Before we combine all the data, we must make sure that the name of the station is present in the data chunks before we combine them. There are two common structures:

  • The name of the station is present in the datafile as a separate column. If this is the case, then we do not need to take extra actions, the combining of the data will include the names as well.

  • The name of the station is not present in the datafile, but is used in the filename. In this case, we need to extract the name from the filename, add a new column in the dataframe (not manually!), and set the stationname in that column. Often the name of the station is only a part of the filename, thus we must select only the name part of the filename.

all_dataframes = [] #List to store all dataframes (will be filled in the loop below)

# Loop through each CSV file and read it into a DataFrame
for csv_file in all_csv_files:
    # Read the CSV file into a DataFrame
    df = pd.read_csv(csv_file,
                    sep=';', #CHECK THIS ! The separator used in the CSV file can differ.
                    decimal=',', #CHECK THIS ! The decimal character used in the CSV file can differ.
                    encoding='UTF-8')

    #Extract the name
    #Option 1: stationname is a column in the CSV file --> skip the following line, go to the .append(df) line!

    #Option 2: stationname is part of the file-name of the CSV file.

    filename = csv_file.stem #Extract the name of the file without the extension
    stationname = filename[-5:] #stationname are the last 5 characters of the filename

    #Create a new column 'stationname' in the DataFrame and fill it with the station name
    df['stationname'] = stationname #Add the station name to the DataFrame

    # Append the DataFrame to the list
    all_dataframes.append(df) #Add the dataframe to the list

Now we have a list (all_dataframes) that holds all the data as separate dataframes. Now we combine them into a single dataframe, and write it to a csv file.

Note

Do not add the combined csv file in the same folder as the separate datafiles! If you would rerun this example, the combined-data-file will be read and merged with the other separate data files. You will end up with a dataframe with lot’s of duplicated rows.

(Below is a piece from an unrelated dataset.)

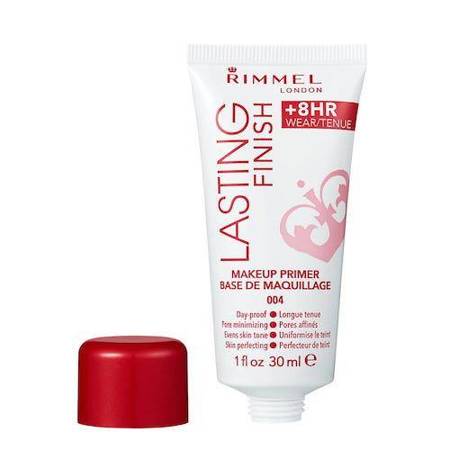 Lasting Finish Primer baza pod podkład 30ml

fulldf = pd.concat(all_dataframes, ignore_index=True) #Concatenate all dataframes in the list into one dataframe

# Save the concatenated DataFrame to a new CSV file
output_file = " ... target file location ... .csv" #Specify the full path to the output CSV file
fulldf.to_csv(output_file, sep=';', decimal=',', encoding='UTF-8', index=False) #Save the concatenated dataframe to a CSV file
print(f"All CSV files have been concatenated and saved to {output_file}")